# Herding test



## Liesje (Mar 4, 2007)

We did our herding test this morning under AHBA judge Kelly Malone. It was fun! She was very nice but honest and on point. Kenya was not stressed out beforehand and I let her stand along the railing before we went in, she seemed to be interested in the sheep. In the ring she was a bit unsure of herself and immediately laid down and starting munching on a snack...I mean sheep poop. Then she went right at the sheep for a little bit. The judge tapped her with a stick (I won't say "hit") b/c she was going straight at them. That was a wake up call for her and after that she was unsure of how to approach them. She caught on to circling them in either direction and not charging straight in, but she didn't quite get up on their butts. At one point, they all stood in a corner for a few minutes b/c they were not scared of her. The judge said Kenya is a good prospect for training b/c she is fit, biddable, and is "heady" which I guess means she focuses on the sheep and can predict where they are going. She just needs more confidence in moving them herself and we are supposed to try ducks or reactive sheep. Kenya was the fifth GSD in a row to do the test, woohoo go GSDs!

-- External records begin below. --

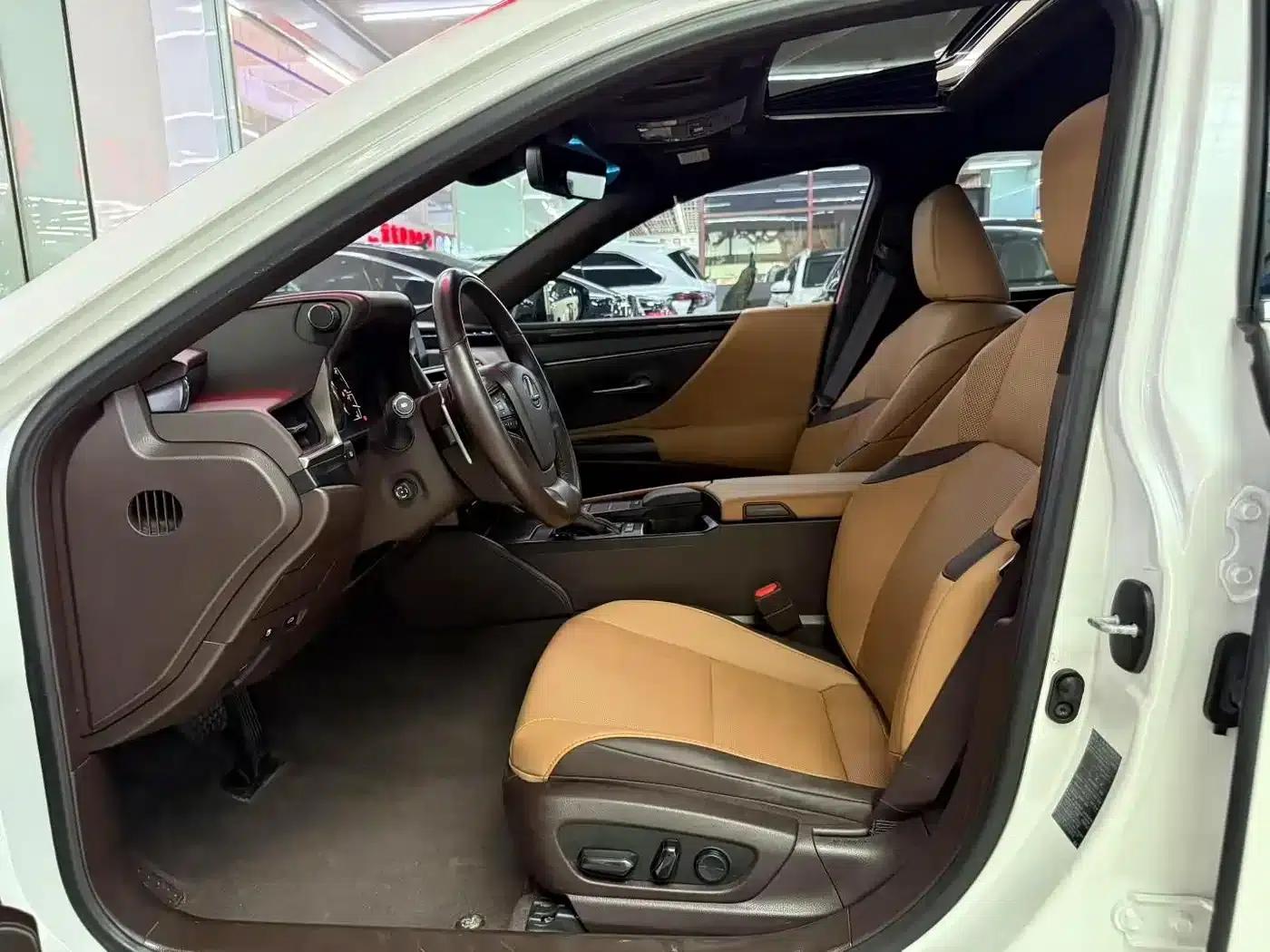 Lexus ES 2020 200 Excellence Edition — миниатюра 7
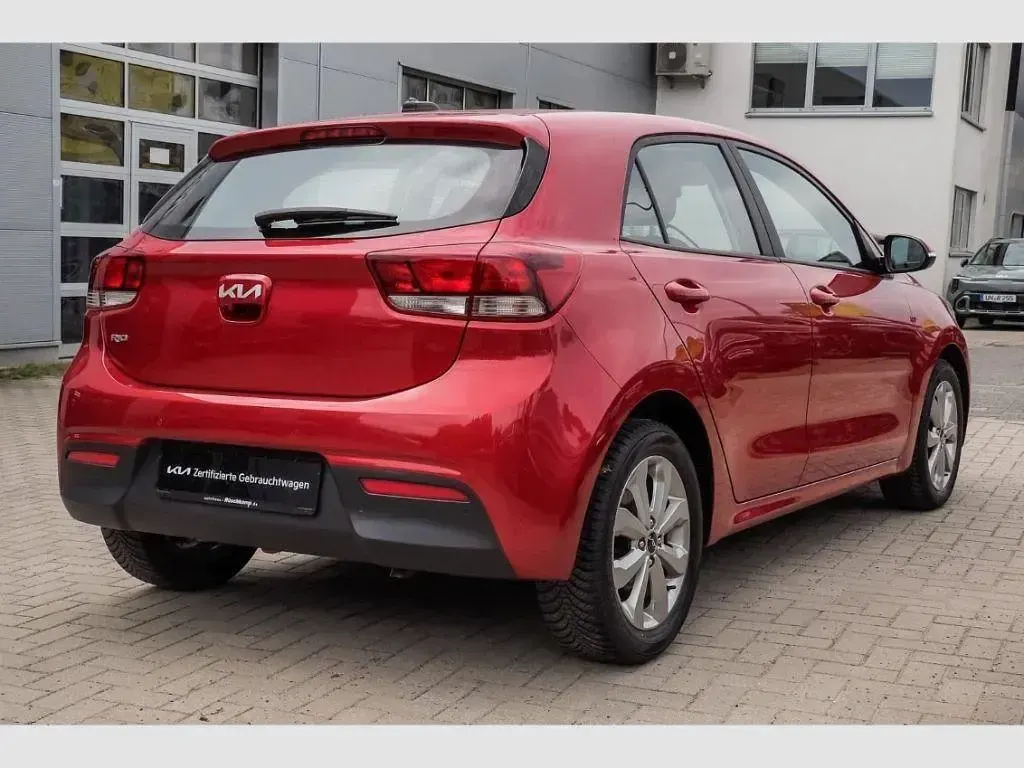 Gebraucht Kia Rio Vision 101 PS (74 kW) 2022 Rot Kleinwagen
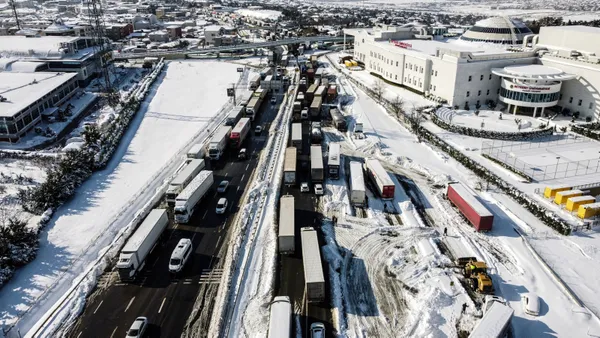 son-dakika-istanbul-valisi-ali-yerlikayadan-vatandaslara-cagri-hadimkoy-giseler-arnavutkoy-arasindaki-araclari-1643194387910.jpg SON DAKİKA: İstanbul Valisi Ali Yerlikaya'dan vatandaşlara çağrı: Hadımköy Gişeler-Arnavutköy arasındaki araçlarınızı alın yoksa çekeceğiz-3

Thank you! to Onyx'Girl for doing my video!!!


----------



## GSDTrain (Apr 21, 2008)

That is awesome!!

Question: Do you have to take the dog toherding classes before the dog can take the herding test or not?


----------



## TRITON (May 10, 2005)

Good for you! It is fun, isn't it?


----------



## Fodder (Oct 21, 2007)

> Originally Posted By: GSDTrainThat is awesome!!
> 
> Question: Do you have to take the dog toherding classes before the dog can take the herding test or not?


its actually the other way around. (as i assume this was an "instinct test"?).

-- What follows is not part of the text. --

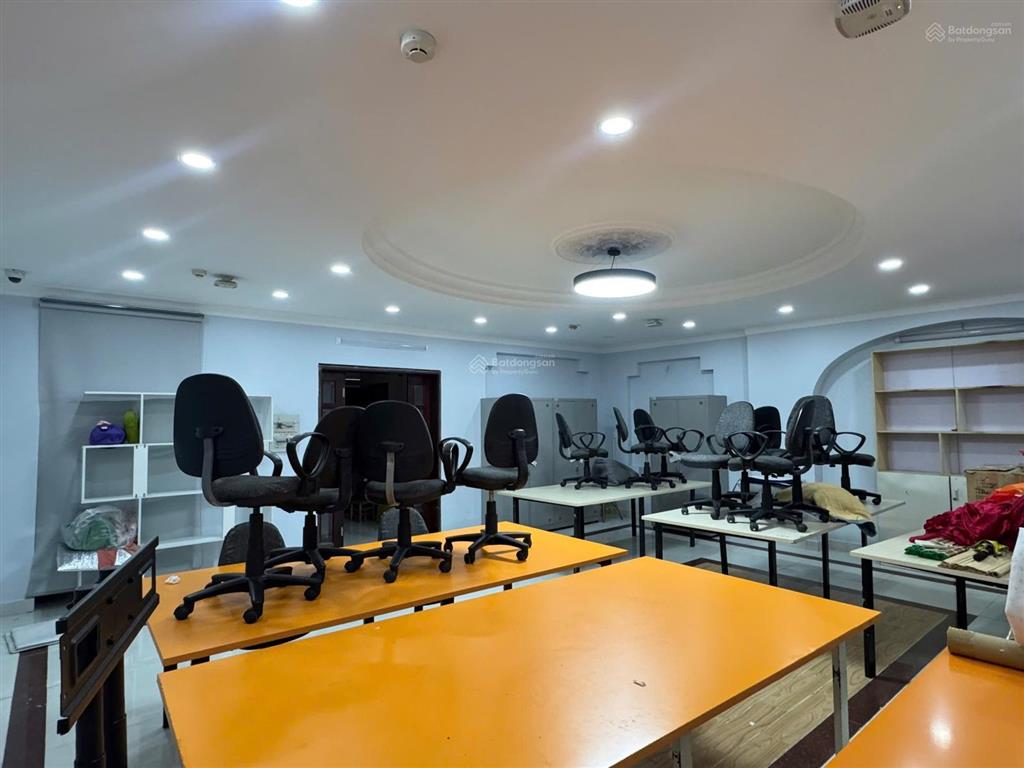 Cho thuê sàn văn phòng 160m2 sử dụng, sẵn nội thất, máy lạnh, giá 25tr/tháng  0948 888 ***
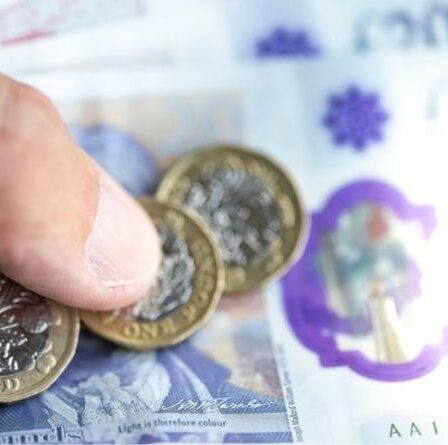 La pension de l'État pourrait augmenter de 467 £ l'année prochaine en vertu de l'amendement proposé à triple verrouillage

they test the dogs to see if the dogs have any interest / reaction to the sheep - then the training starts.

my pups start next weekend. i went ahead and signed up for the first lesson because it gives them two runs at the sheep. and if my boy turns out not to be interested in them, i can just use the 2nd run for my girl.

i'm really excited!

congrats to the OP. do you think you'll continue on with lessons?


----------



## Liesje (Mar 4, 2007)

> Originally Posted By: GSDTrainThat is awesome!!
> 
> Question: Do you have to take the dog toherding classes before the dog can take the herding test or not?

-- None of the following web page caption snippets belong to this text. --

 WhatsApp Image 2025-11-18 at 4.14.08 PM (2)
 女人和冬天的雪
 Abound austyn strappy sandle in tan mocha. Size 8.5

No, it's just an instinct test which is exactly how it sounds. She wants to see that the dog shows an interest in moving the sheep, but is not charging in to run them down. Once she got an idea of the dog's level of interest and had me show her level of obedience and ability to work in both directions, she had us try different things. What we tried really depended on the dog/handler. For example, my dog was off lead or on a long line b/c I demonstrated that I can stop her and down her. Other dogs were less controlled and tried other things while on a leash.

At the end of the test, we met with the judge and she gave an evaluation of the dog and a write-up. On the paper it says my dog is "recommended for training" and she explained what type of training and what type of livestock to start with.


----------



## kleinenHain (Sep 20, 2007)

Awesome job. I want to try the insticnt test but cant find it offered anywhere close.


----------